Treat high LDL-C and reduce secondary risk.

ANNOTATION

Initial Therapy: Evidence clearly supports initiation of pharmacotherapy when LDL is >130 mg/dL in patients with CHD (Scandinavian Simvastatin Survival Study Group, 1994). For CHD and CHD equivalents (i.e., type 2 DM) and patients with HDL >40 mg/dL and LDL <130 mg/dL, there is insufficient evidence on which to base a recommendation for pharmacotherapy. Individual clinicians may choose to initiate drug therapy for LDL >100mg/dL for secondary CHD prevention, based on consensus opinion. However, the CARE study, a prospective secondary prevention trial, found no outcomes benefit when high-dose pravastatin was initiated at a baseline LDL < 125 mg/dL (Sacks, 1996).

Choice of Drug: Statins are the best studied and show most benefit, in terms of absolute LDL reduction and patient outcome. Older trials with niacin and bile acid resins have shown modest reduction in LDL (10 to 20 percent) and CHD event rates, with some evidence of small mortality benefit. Fibrates, which have minimal effect on LDL, have shown reduced CHD event rates but not mortality (Frick et al., 1987; Rubins et al., 1999). Statin-based outcome trials have included lovastatin, pravastatin, and simvastatin. There is no convincing evidence that one statin is better than another. Choice and starting dose should be dictated by the required LDL reduction, as statins differ in their potency. The dose should be adjusted at six to eight week intervals until the LDL reduction goal is achieved.

Aggressiveness of LDL Reduction: There is no direct evidence from RCTs that demonstrates a net benefit (in terms of clinically relevant endpoints) of treating to an LDL goal of less than 130 mg/dL. Indirect evidence from the 4S Trial (1994) demonstrated that in patients with previous CHD, treated with simvastatin to an average LDL of 118 mg/dL, the benefits clearly outweighed the harms. NCEP III recommends lowering LDL to <100 mg/dL in the secondary CHD and CHD equivalents (i.e., type 2 diabetes mellitus) prevention setting. Trials are now underway to determine whether even more aggressive treatment produces additional benefit. An angiographic trial in coronary artery bypass grafting (CABG) patients showed that patients treated to a target LDL <140mg/dL had worse outcomes than those treated more aggressively to a target LDL <85mg/dL (Post CABG Trial, 1997). After four years, angiographic progression for the aggressive and moderate groups was 27 percent and 39 percent, respectively. Revascularization was reduced by 29 percent in the lower LDL group. Some experts argue that it is the percentage drop in LDL, not the absolute LDL achieved, that is important in achieving benefit. Treating to New Targets (TNT) is a five year RCT currently under way looking at lowering LDL to very low target levels in patients with CHD, who are randomizing to atorvastatin 10 mg versus 80 mg/day. The results of the 4S Trial suggest that there may be additional benefits of lowering LDL to less than 130 mg/dL. The VA/DoD Working Group for the management of dyslipidemia recommend a treatment goal of <120 mg/dL, while waiting for a more definitive answer.
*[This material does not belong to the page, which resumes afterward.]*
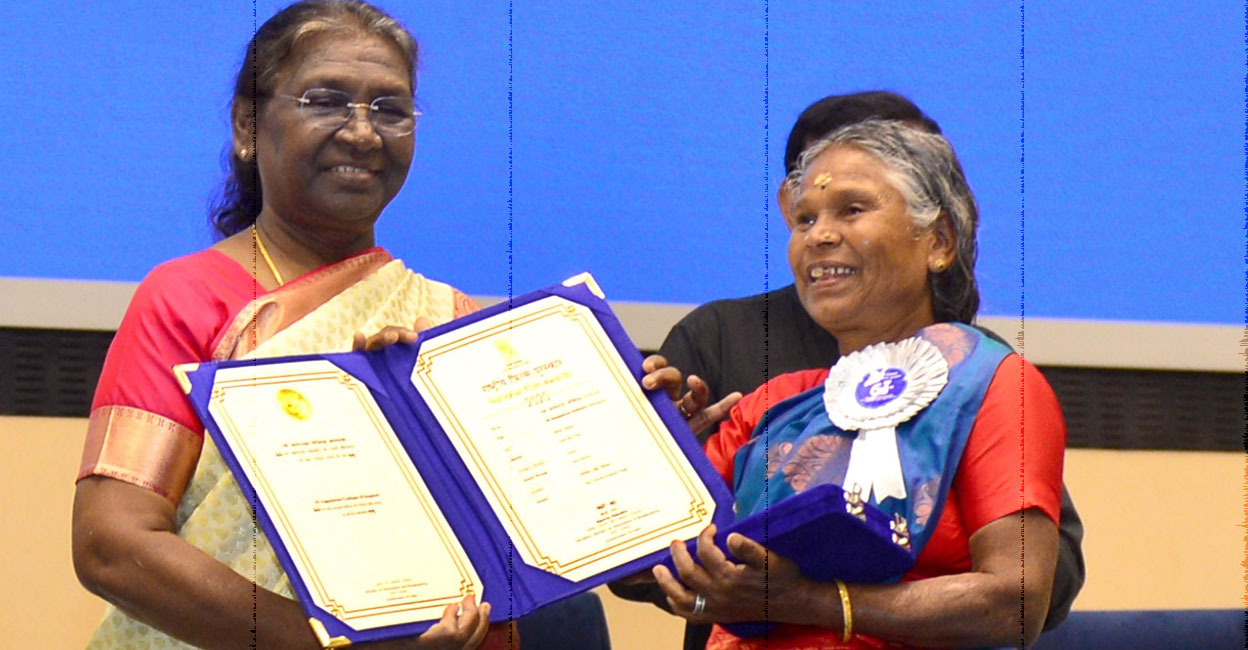 Nanjiyamma charms National Film Awards, sings 'Kalakatha' for Asha Parekh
HDL Cholesterol <40 mg/dL with LDL <130 mg/dL: Large epidemiologic trials have shown that a low HDL is associated with an increased risk for cardiovascular events (Gordon, 1989). In the VA-HIT trial (1999), patients with established cardiovascular disease, an HDL <40 mg/dL and an LDL <140 mg/dL were randomized to treatment with gemfibrozil versus placebo. The mean entry HDL of the treatment arm was 32 mg/dL and the mean entry LDL level was 111 mg/dL. Following a mean follow-up of five years, the gemfibrozil treatment arm saw a 22 percent relative risk reduction in the combined end point of nonfatal myocardial infarction or death due to cardiovascular disease, and a 25 percent reduction in stroke. (Rubins et al., 1999) Subgroup analysis of VA-HIT strongly suggests that CHD patients with low HDL, triglycerides >200 mg/dL, hypertension, or impaired fasting glucose were particularly likely to benefit from gemfibrozil therapy. The study was not powered to detect an overall mortality benefit.
Based on this single trial, gemfibrozil should be considered in patients with a HDL-cholesterol <40 mg/dl and a normal LDL-cholesterol. However, the effects of a combination of a HMG Co-A reductase inhibitor (a 'statin') and a fibrate (gemfibrozil) are not known.